**Crawled caption data**
○ ○ ○ ○ ○ ○ ○
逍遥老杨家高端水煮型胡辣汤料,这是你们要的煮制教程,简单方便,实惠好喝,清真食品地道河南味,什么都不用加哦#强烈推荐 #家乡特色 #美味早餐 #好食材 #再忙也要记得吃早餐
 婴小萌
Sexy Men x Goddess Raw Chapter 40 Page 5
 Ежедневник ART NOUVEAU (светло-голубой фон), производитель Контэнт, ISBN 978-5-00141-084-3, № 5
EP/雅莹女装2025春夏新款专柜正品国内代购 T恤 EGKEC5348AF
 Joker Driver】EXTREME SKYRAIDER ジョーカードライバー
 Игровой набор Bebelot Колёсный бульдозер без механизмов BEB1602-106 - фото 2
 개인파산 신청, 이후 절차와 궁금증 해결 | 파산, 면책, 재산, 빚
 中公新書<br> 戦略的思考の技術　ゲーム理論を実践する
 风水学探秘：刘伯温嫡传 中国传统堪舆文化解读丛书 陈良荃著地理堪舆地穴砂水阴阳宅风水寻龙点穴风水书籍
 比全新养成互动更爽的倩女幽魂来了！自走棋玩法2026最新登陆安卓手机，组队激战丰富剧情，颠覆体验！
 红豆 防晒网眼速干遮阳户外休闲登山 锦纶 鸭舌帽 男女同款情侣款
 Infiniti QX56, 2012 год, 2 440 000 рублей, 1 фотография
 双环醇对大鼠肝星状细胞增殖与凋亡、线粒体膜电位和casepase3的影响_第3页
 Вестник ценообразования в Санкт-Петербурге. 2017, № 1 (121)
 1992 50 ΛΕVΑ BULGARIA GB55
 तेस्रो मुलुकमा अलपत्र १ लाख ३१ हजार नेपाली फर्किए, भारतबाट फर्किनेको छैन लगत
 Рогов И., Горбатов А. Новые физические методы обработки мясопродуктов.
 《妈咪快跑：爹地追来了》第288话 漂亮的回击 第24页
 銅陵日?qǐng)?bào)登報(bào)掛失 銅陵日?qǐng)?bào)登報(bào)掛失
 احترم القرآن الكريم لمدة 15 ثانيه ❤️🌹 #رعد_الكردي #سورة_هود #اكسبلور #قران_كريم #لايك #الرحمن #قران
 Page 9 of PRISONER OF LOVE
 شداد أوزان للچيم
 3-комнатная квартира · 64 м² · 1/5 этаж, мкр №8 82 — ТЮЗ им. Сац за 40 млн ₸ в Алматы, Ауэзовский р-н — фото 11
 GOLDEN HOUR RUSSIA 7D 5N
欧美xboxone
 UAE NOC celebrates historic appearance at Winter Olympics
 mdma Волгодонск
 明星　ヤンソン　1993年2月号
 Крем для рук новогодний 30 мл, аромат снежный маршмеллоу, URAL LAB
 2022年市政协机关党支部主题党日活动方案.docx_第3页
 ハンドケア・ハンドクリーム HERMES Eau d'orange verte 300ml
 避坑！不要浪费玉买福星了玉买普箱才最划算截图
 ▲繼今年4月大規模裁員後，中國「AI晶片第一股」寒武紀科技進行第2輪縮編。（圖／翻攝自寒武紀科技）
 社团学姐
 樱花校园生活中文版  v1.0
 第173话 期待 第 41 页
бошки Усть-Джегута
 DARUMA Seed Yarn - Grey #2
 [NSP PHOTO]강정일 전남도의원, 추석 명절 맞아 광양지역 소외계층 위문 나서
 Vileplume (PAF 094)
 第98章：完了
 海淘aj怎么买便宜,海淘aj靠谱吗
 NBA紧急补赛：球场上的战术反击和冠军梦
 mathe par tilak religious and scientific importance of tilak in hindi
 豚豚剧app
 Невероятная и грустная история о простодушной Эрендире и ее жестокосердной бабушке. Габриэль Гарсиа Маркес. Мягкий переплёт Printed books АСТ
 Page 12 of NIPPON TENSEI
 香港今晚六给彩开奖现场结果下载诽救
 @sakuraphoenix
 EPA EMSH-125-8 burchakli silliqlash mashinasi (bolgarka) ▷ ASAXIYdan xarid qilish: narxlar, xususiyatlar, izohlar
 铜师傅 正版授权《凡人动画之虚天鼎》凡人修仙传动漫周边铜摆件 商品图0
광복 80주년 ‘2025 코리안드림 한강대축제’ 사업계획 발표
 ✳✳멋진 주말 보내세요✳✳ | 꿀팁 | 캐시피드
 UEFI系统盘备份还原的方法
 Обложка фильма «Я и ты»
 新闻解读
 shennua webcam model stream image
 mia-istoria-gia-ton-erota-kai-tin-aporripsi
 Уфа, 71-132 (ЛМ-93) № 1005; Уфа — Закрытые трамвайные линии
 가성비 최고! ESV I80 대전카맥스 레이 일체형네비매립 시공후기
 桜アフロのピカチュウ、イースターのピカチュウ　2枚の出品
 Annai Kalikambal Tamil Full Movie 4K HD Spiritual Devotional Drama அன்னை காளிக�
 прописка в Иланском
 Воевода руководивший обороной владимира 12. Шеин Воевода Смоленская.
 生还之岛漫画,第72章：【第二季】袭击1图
○ ○ ○ ○ ○ ○ ○
**Directions**
The answer must consist of every line from the entries that holds the string "Page".

**Written response**
Sexy Men x Goddess Raw Chapter 40 Page 5
 Page 9 of PRISONER OF LOVE
 Page 12 of NIPPON TENSEI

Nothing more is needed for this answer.